Jerusalen. (Pablo Sanmartín Rodríguez).- Irán lanzó su ataque de mayor alcance desde el inicio del conflicto, impactando objetivos estratégicos y logrando penetrar las defensas antiaéreas del sur de Israel, en una escalada que deja al menos 100 heridos.
Los misiles alcanzaron zonas cercanas a las localidades de Arad y Dimona, afectando al menos diez edificaciones y marcando uno de los ataques más severos contra población civil en lo que va de la guerra.
El primer ministro israelí, Benjamin Netanyahu, calificó la jornada como “una noche muy difícil” y aseguró que su país continuará respondiendo militarmente en todos los frentes.
En paralelo, Irán lanzó misiles hacia la base conjunta de Estados Unidos y Reino Unido en Diego García, aunque sin impactar directamente el objetivo. Esta instalación es considerada estratégica para operaciones militares en Medio Oriente y otras regiones.
La escalada se intensificó luego de que el expresidente estadounidense Donald Trump emitiera un ultimátum de 48 horas a Teherán para garantizar la libre navegación en el estrecho de Ormuz, advirtiendo posibles ataques a infraestructuras energéticas.
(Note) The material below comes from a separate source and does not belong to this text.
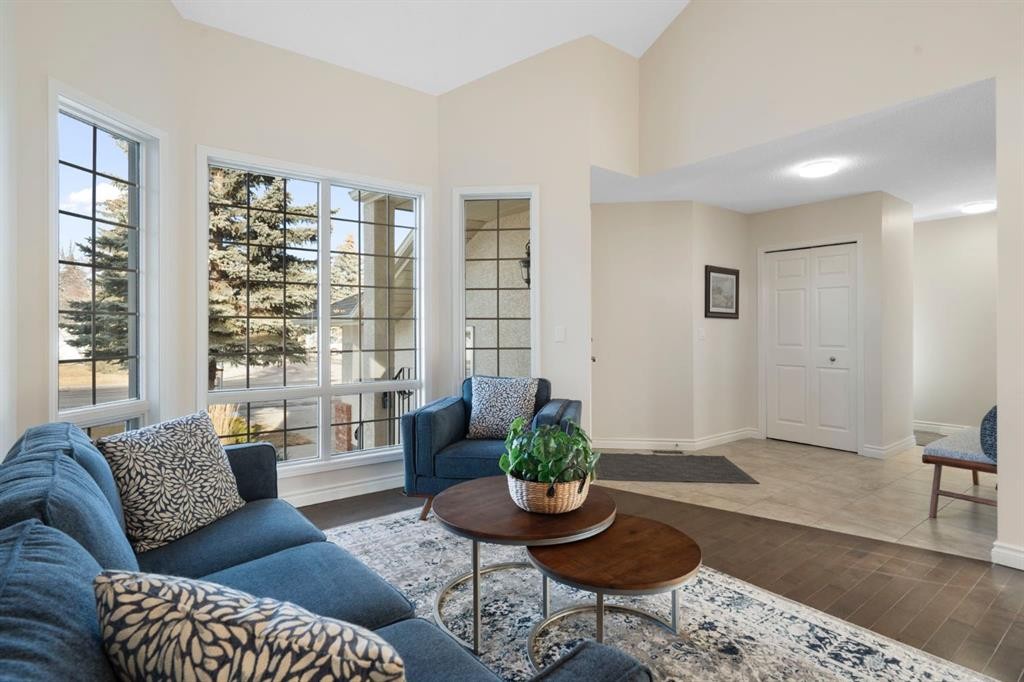 209 Hawkstone Drive Nw, Calgary, AB - Indoor Photo Showing Living Room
El gobierno iraní respondió con amenazas similares, advirtiendo que podría atacar instalaciones energéticas estadounidenses e israelíes en la región.
El conflicto entra así en su cuarta semana con un aumento significativo en la intensidad de los ataques y sin señales claras de una desescalada, lo que eleva la preocupación internacional por un posible conflicto regional de mayor escala.